自由な表現を擁護する米国の非営利組織PEN Americaは8月5日、米国の映画スタジオの多くが、中国で上映権を獲得するために映画の内容に修正を加えていると指摘した。

2019年の中国での映画興行収入が約95億ドル(約1兆円)に達した一方で、米国の映画興行収入は前年から4%マイナスの115億ドルだった。

PEN Americaによると、米国の映画スタジオは中国での人権の抑圧や、議論を呼ぶチベットや台湾関連の問題に向き合うことを避けているという。

その一例としてあげられたのが、マーベル・スタジオ製作の2016年公開の映画「ドクター・ストレンジ」の件だ。この作品の原作コミックには、チベット系武道の老師が登場するが、映画では白人女優が演じるキャラクターに置き換えられており、「映画資本によるチベット弾圧」という批判を浴びた。

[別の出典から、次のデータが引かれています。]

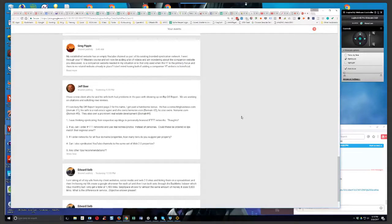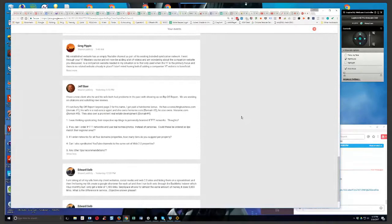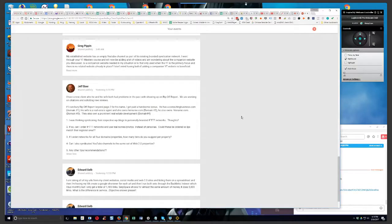He has a consultingbusiness.com domain, his wife is a real estate agent and she owns hername.com domain, and he owns hisname.com domain. They also own a prominent real estate development domain. I was thinking syndicating their respective WordPress blogs to personally branded IFTTT networks. Thoughts?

しかし、マーベルの親会社であるディズニーは、この問題に関して口を閉ざし、チベット問題に言及することを避けていた。

さらに、間もなく公開が予定されている「トップガン」の続編では、トム・クルーズ演じる主人公のジャケットから日の丸と台湾の旗が消えたことが物議を醸した。1986年のオリジナルでは、革ジャンに日本と台湾の国旗が貼られていたが、新作ではそれが消されたのだ。製作元のパラマウントは中国政府に忖度して、この措置をとったと批判されている。

映画会社はPEN Americaのコメント要請に応じていないが、匿名のハリウッドのプロデューサーは「映画業界の関係者は、中国政府の目の敵にされることを恐れている」と話している。

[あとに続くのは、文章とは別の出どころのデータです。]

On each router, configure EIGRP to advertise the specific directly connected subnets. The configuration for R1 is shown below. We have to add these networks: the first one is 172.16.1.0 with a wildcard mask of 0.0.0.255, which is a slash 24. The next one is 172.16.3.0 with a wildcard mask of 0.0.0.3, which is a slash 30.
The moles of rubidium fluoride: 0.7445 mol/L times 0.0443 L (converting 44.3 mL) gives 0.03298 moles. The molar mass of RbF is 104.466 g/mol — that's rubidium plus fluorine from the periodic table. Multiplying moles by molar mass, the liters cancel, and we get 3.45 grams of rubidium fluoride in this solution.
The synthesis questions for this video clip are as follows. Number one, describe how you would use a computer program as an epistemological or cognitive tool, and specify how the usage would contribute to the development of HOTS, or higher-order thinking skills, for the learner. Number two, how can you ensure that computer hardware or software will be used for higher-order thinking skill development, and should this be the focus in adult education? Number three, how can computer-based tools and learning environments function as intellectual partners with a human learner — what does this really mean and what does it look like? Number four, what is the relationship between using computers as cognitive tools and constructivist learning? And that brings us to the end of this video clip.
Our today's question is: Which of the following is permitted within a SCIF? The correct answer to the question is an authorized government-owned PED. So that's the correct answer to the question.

「世界の映画業界をリードするハリウッドが、外国の政府の検閲に立ち向かわないのであれば、他のどの国の関係者もリスクをとらなくなる」とPEN Americaは述べている。

米国司法長官のウィリアム・バーは今年7月、ディズニーなどの企業が日常的に中国当局による映画の検閲を受け入れ、中国共産党にこびへつらうスタンスをとっていると批判した。

ディズニーは8月4日、新型コロナウイルスの影響で映画館の営業再開が危ぶまれる中で、映画「ムーラン」の米国での劇場公開を中止し、動画ストリーミングサイトDisney+で配信すると発表した。しかし、中国などのDisney+が利用できない国においては、「ムーラン」は映画館で公開される。